======== AVAILABLE DATA ========

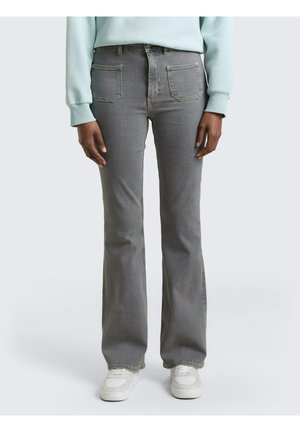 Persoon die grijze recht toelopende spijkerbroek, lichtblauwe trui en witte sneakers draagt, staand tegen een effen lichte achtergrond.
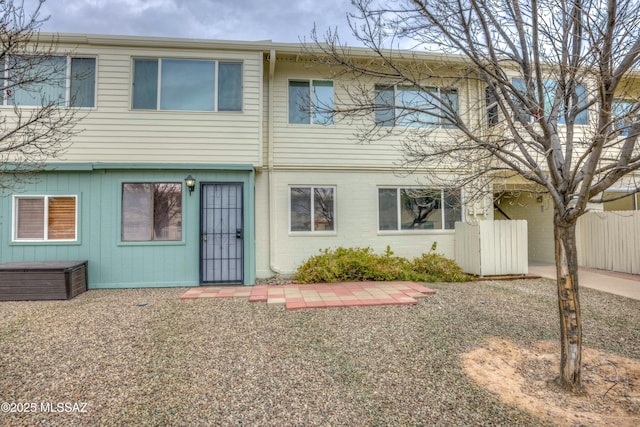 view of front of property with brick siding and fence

========
======== AVAILABLE DATA ========

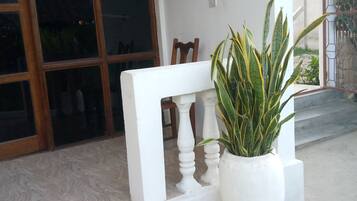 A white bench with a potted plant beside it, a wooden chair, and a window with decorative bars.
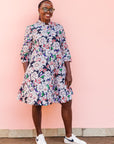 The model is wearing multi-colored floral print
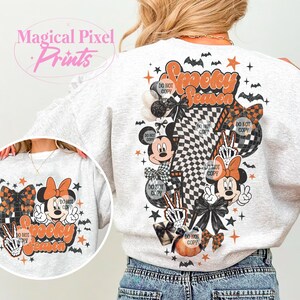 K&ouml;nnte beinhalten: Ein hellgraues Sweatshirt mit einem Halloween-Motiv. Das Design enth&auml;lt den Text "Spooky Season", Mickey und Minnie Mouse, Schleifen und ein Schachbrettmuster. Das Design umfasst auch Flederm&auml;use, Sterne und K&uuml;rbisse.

========

**YOUR TASK**
Using the records above, repeat exactly the run of lines that starts with the line with "The model is" and goes on through the line with "K&ouml;nnte beinhalten: Ein"; omit each picture.

**ANSWER SECTION**
 The model is wearing multi-colored floral print
 K&ouml;nnte beinhalten: Ein hellgraues Sweatshirt mit einem Halloween-Motiv. Das Design enth&auml;lt den Text "Spooky Season", Mickey und Minnie Mouse, Schleifen und ein Schachbrettmuster. Das Design umfasst auch Flederm&auml;use, Sterne und K&uuml;rbisse.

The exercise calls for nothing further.